• [Records to use]
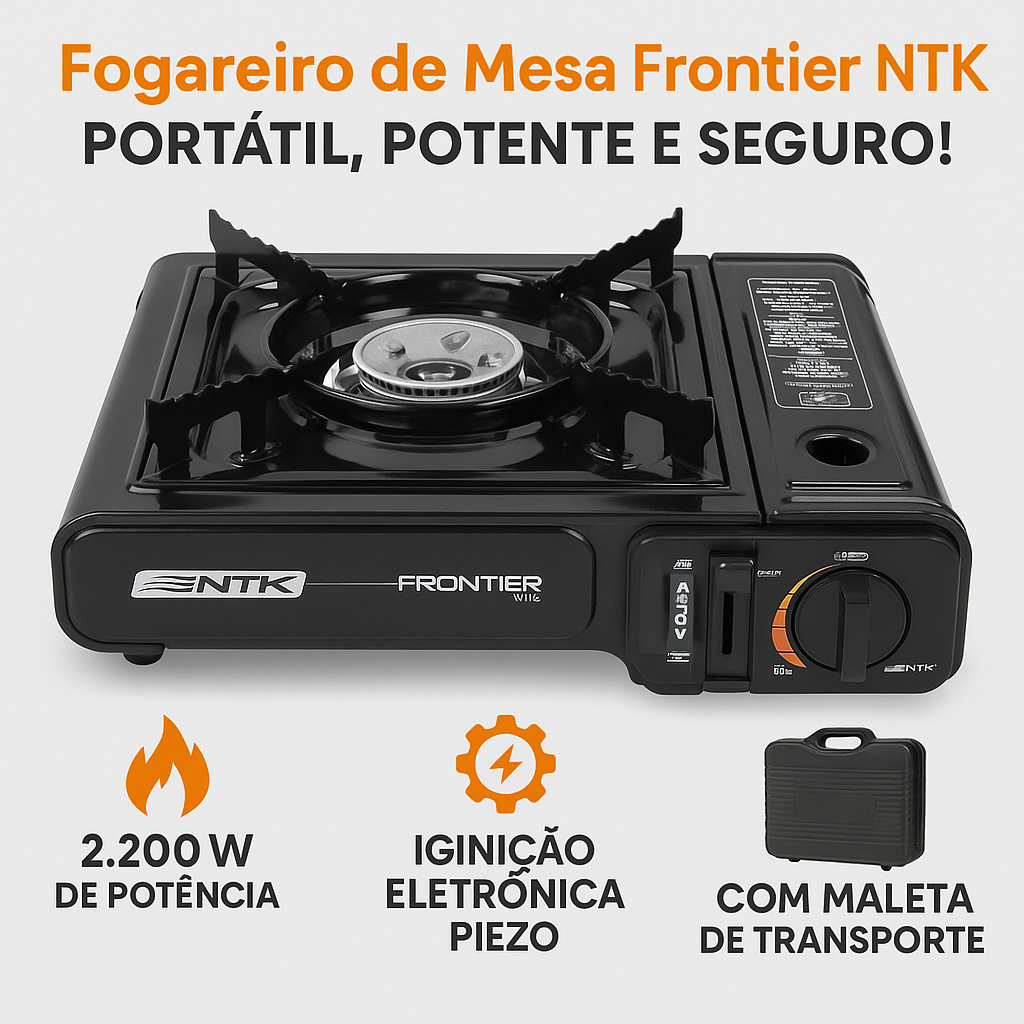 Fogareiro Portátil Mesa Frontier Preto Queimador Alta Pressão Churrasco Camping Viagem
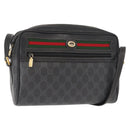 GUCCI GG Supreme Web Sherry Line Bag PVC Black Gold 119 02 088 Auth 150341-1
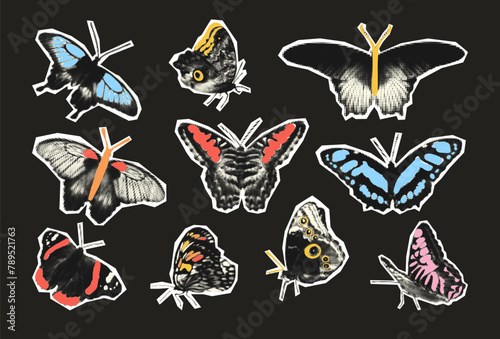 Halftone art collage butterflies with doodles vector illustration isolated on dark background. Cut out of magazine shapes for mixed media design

...

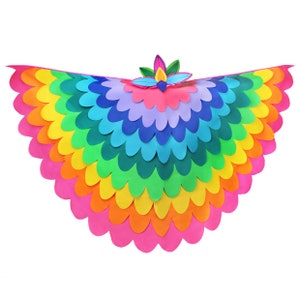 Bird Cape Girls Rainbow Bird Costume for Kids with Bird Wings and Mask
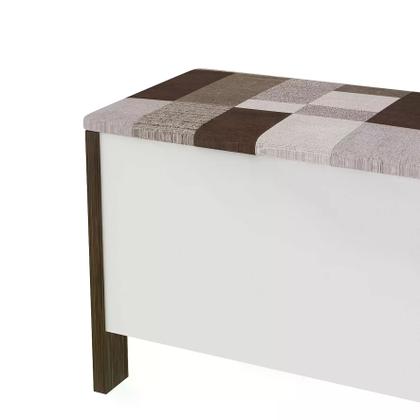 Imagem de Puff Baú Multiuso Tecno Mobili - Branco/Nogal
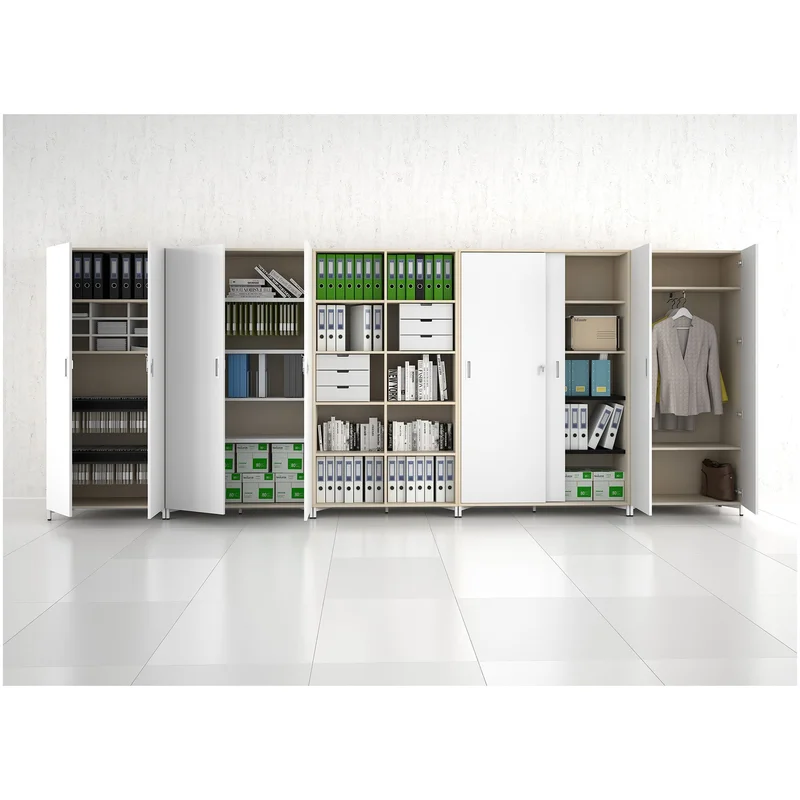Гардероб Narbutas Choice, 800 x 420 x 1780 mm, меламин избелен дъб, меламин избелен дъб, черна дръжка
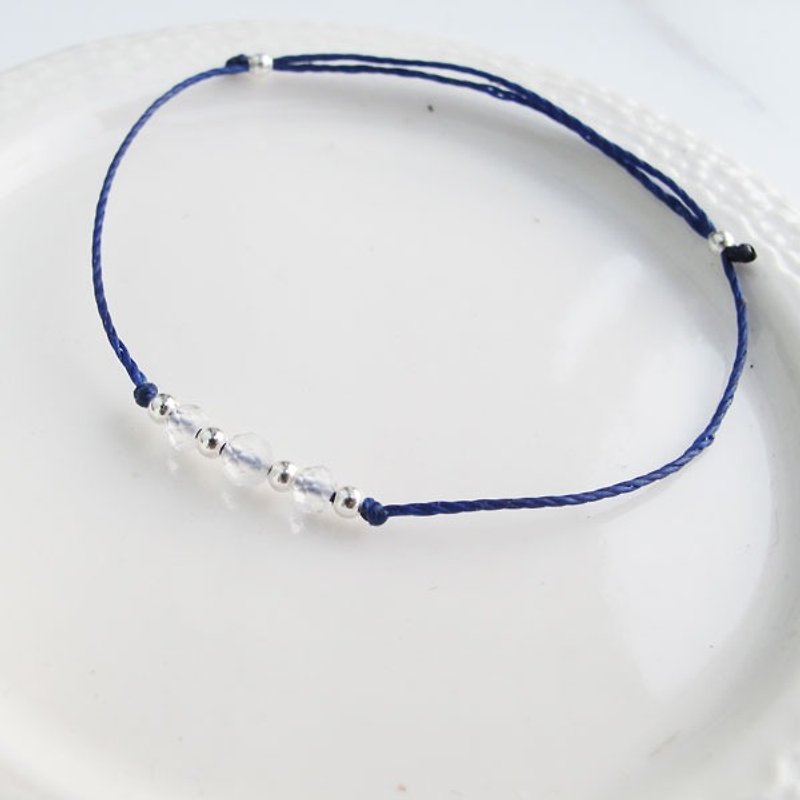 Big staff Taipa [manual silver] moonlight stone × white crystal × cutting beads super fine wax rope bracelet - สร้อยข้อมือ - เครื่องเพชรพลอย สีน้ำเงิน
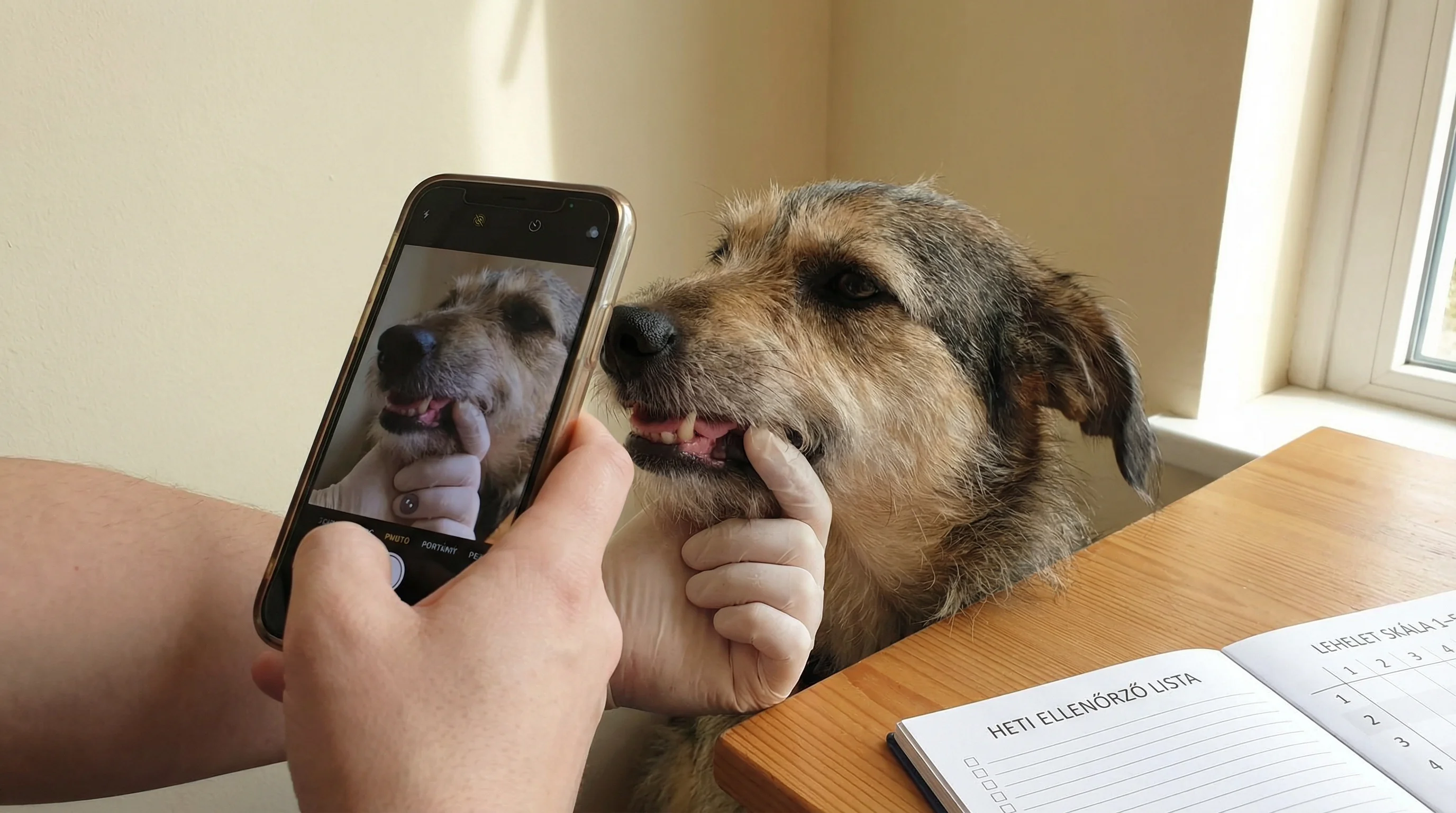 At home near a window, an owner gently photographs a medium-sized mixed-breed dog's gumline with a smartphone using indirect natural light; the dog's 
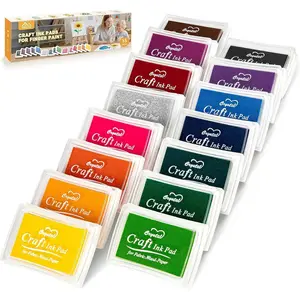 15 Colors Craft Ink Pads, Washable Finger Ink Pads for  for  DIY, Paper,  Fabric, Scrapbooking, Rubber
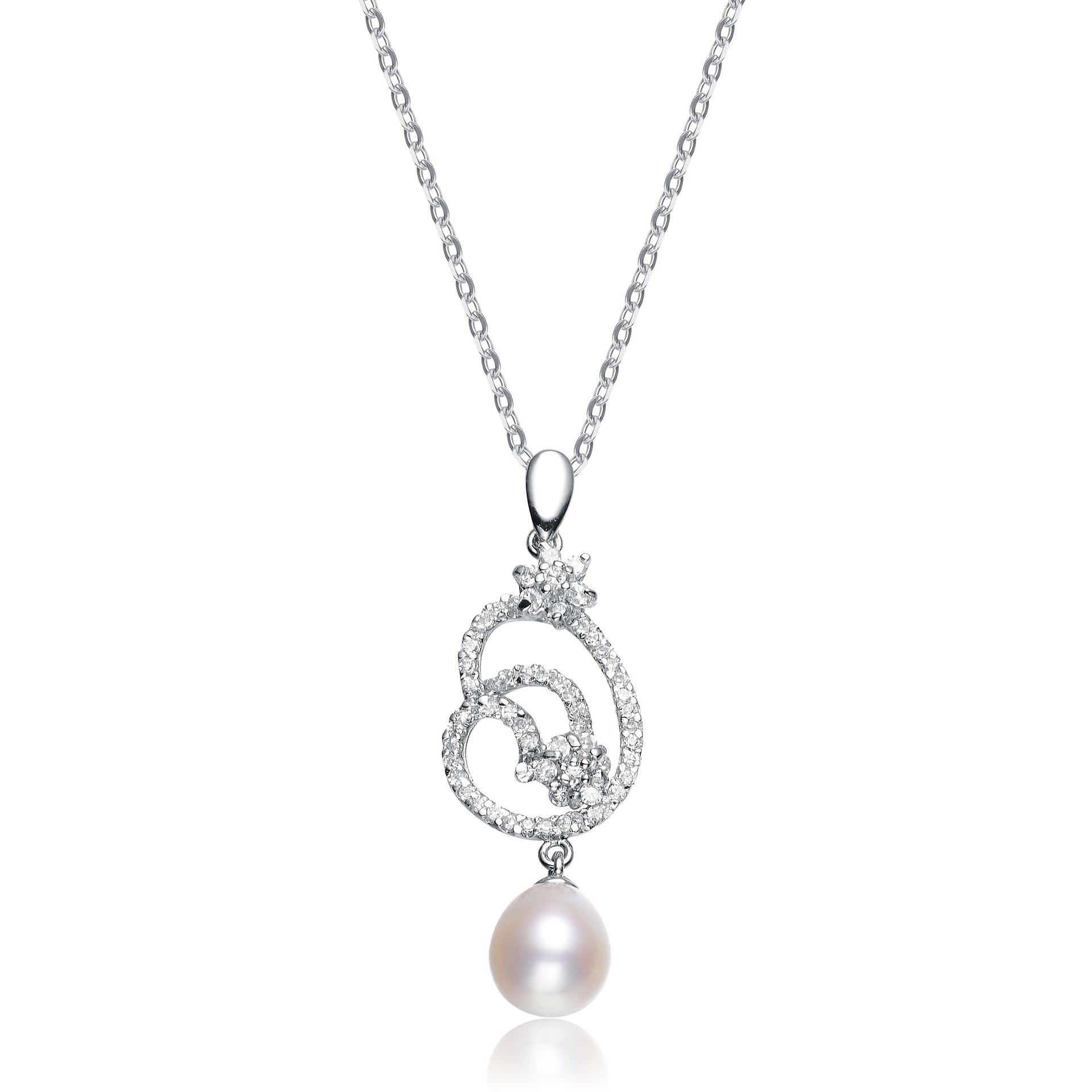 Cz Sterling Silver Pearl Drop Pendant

---

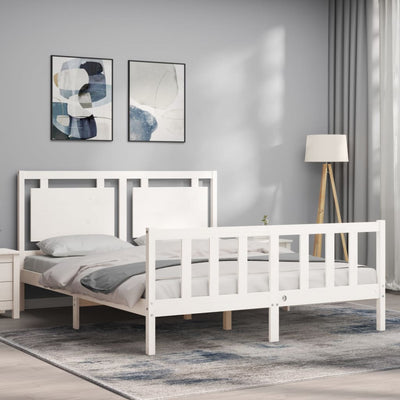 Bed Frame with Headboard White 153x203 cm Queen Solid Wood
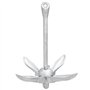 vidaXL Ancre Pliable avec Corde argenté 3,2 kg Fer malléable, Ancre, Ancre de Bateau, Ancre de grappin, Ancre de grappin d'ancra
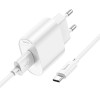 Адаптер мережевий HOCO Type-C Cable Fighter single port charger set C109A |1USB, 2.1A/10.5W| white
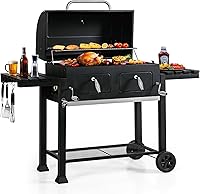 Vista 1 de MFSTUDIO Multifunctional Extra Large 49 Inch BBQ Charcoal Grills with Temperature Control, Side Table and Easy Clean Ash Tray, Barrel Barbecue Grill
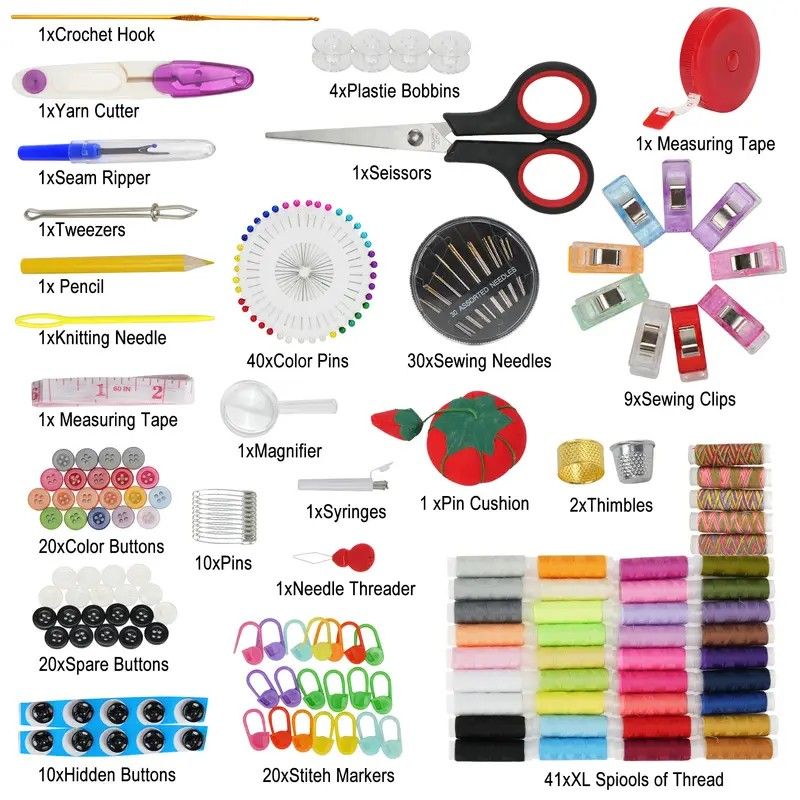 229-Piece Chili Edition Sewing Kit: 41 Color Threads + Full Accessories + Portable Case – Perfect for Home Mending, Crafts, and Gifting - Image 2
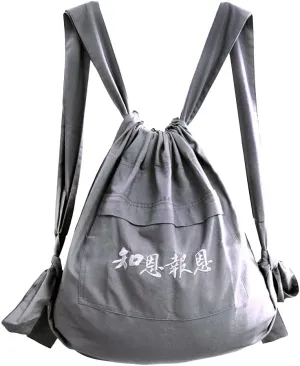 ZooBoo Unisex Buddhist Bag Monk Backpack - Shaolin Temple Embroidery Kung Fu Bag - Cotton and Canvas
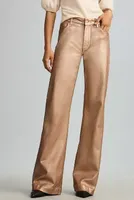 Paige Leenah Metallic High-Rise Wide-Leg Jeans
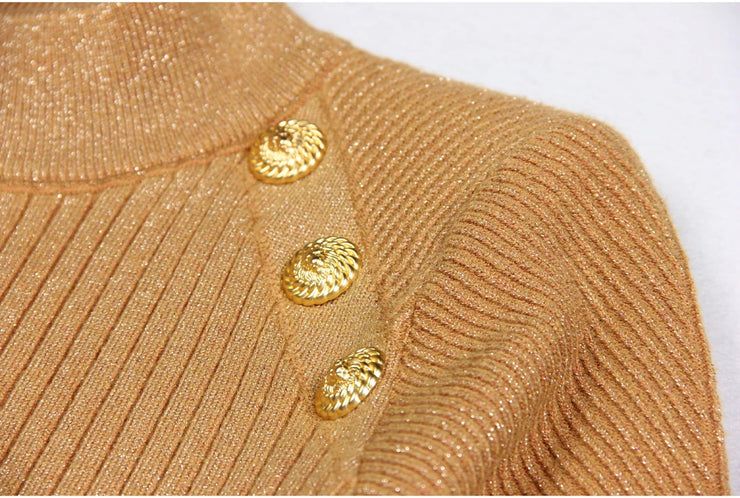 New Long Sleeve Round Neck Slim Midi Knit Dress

• [Task goal] Reproduce the lines above beginning at the line that contains "Адаптер мережевий HOCO" and ending at the line that contains "New Long Sleeve". No pictures.

• [Expected answer]
 Адаптер мережевий HOCO Type-C Cable Fighter single port charger set C109A |1USB, 2.1A/10.5W| white
 Vista 1 de MFSTUDIO Multifunctional Extra Large 49 Inch BBQ Charcoal Grills with Temperature Control, Side Table and Easy Clean Ash Tray, Barrel Barbecue Grill
 229-Piece Chili Edition Sewing Kit: 41 Color Threads + Full Accessories + Portable Case – Perfect for Home Mending, Crafts, and Gifting - Image 2
 ZooBoo Unisex Buddhist Bag Monk Backpack - Shaolin Temple Embroidery Kung Fu Bag - Cotton and Canvas
 Paige Leenah Metallic High-Rise Wide-Leg Jeans
 New Long Sleeve Round Neck Slim Midi Knit Dress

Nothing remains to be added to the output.